En outre, dans son rapport annuel de 2012, la Cour des comptes a souligné, dans son analyse concernant notre cellule de renseignement financier chargée de la lutte contre le blanchiment, TRACFIN, que « l’articulation entre lutte contre la fraude fiscale et lutte anti-blanchiment » devait être renforcée.
J’en viens aux avenants aux conventions passées avec l’île Maurice, l’Arabie saoudite et l’Autriche que nous examinons aujourd’hui. Ils tendent à satisfaire aux standards récemment définis par l’OCDE en matière d’échange d’informations pour renforcer la transparence et à la volonté de la France de développer son réseau conventionnel destiné à lutter contre l’évasion fiscale.

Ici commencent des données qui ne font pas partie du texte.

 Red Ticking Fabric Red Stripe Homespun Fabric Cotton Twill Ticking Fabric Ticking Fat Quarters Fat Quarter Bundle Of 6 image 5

La convention signée en 1982 avec l’Arabie saoudite ne comprend aucune clause d’échange d’informations. Celles qui nous lient à l’île Maurice et à l’Autriche en contiennent une, mais elle n’est pas conforme aux derniers standards internationaux. Il convenait donc de revoir ces conventions conformément au modèle de l’OCDE : tel est l’objet de ces trois avenants.
L’Autriche pouvait encore faire valoir son sacro-saint « secret bancaire » pour ne pas coopérer, mais elle a fait évoluer sa législation pour permettre la levée de ce dernier. L’avenant à la convention franco-autrichienne tend donc à actualiser les dispositions concernant l’échange d’informations pour tenir compte de l’interdiction d’invoquer le secret bancaire ou le manque d’intérêt fiscal national afin de ne pas coopérer. C’est là un progrès non négligeable.
Ces trois avenants vont donc dans le bon sens ; c’est pourquoi les membres de mon groupe voteront les trois projets de loi autorisant leur approbation. Cela étant dit, je m’associe à Mme Bricq pour insister sur la nécessité d’une évaluation claire et transparente de la politique conventionnelle française et de l’efficacité de la coopération fiscale, qui doit constituer une priorité.